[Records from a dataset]

===

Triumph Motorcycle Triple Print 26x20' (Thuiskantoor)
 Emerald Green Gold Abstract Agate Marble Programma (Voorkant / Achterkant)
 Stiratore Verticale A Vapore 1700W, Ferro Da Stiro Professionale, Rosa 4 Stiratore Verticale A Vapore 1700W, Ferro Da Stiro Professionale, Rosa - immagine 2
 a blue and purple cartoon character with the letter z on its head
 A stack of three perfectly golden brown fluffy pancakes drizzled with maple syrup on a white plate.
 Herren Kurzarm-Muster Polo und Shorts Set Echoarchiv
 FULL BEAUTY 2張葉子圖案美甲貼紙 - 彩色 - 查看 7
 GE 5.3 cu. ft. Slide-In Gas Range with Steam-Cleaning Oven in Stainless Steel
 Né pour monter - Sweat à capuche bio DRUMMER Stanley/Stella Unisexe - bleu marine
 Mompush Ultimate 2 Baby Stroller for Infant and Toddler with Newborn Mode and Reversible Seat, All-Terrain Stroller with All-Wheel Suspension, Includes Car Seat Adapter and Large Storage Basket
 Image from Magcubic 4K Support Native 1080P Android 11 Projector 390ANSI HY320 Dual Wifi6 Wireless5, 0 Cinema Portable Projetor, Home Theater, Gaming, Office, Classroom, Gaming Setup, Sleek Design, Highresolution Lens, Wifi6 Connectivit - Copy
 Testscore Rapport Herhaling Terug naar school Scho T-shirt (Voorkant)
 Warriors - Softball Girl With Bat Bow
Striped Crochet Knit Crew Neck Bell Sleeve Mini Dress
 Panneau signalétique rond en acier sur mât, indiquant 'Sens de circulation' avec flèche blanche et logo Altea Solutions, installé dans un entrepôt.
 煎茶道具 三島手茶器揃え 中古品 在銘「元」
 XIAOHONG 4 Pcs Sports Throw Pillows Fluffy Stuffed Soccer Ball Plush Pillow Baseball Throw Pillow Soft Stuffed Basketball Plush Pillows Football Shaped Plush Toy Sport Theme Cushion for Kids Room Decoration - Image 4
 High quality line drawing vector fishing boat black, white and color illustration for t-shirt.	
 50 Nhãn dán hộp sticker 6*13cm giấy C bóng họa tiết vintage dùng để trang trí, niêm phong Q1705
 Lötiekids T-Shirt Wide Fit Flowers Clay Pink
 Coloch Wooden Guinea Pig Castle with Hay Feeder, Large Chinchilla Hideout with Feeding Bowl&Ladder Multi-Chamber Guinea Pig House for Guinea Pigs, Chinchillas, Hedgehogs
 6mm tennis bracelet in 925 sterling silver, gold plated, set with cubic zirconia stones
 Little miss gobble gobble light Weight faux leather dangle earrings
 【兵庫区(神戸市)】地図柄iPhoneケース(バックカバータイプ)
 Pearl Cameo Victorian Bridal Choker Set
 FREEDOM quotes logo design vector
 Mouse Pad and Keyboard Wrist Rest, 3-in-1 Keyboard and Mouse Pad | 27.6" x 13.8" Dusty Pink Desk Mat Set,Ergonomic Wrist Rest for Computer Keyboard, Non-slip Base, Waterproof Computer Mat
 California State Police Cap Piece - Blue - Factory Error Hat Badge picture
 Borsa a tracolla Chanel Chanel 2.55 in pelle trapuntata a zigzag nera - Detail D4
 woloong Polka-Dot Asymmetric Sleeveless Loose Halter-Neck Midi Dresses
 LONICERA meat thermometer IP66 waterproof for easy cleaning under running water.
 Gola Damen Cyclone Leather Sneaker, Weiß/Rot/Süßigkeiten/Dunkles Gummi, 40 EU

===

* **YOUR ASSIGNMENT**
From the data above, reproduce word for word the lines running from the line with "a blue and purple" to the line with "Mompush Ultimate 2", ends included.

* **FINAL ANSWER**
 a blue and purple cartoon character with the letter z on its head
 A stack of three perfectly golden brown fluffy pancakes drizzled with maple syrup on a white plate.
 Herren Kurzarm-Muster Polo und Shorts Set Echoarchiv
 FULL BEAUTY 2張葉子圖案美甲貼紙 - 彩色 - 查看 7
 GE 5.3 cu. ft. Slide-In Gas Range with Steam-Cleaning Oven in Stainless Steel
 Né pour monter - Sweat à capuche bio DRUMMER Stanley/Stella Unisexe - bleu marine
 Mompush Ultimate 2 Baby Stroller for Infant and Toddler with Newborn Mode and Reversible Seat, All-Terrain Stroller with All-Wheel Suspension, Includes Car Seat Adapter and Large Storage Basket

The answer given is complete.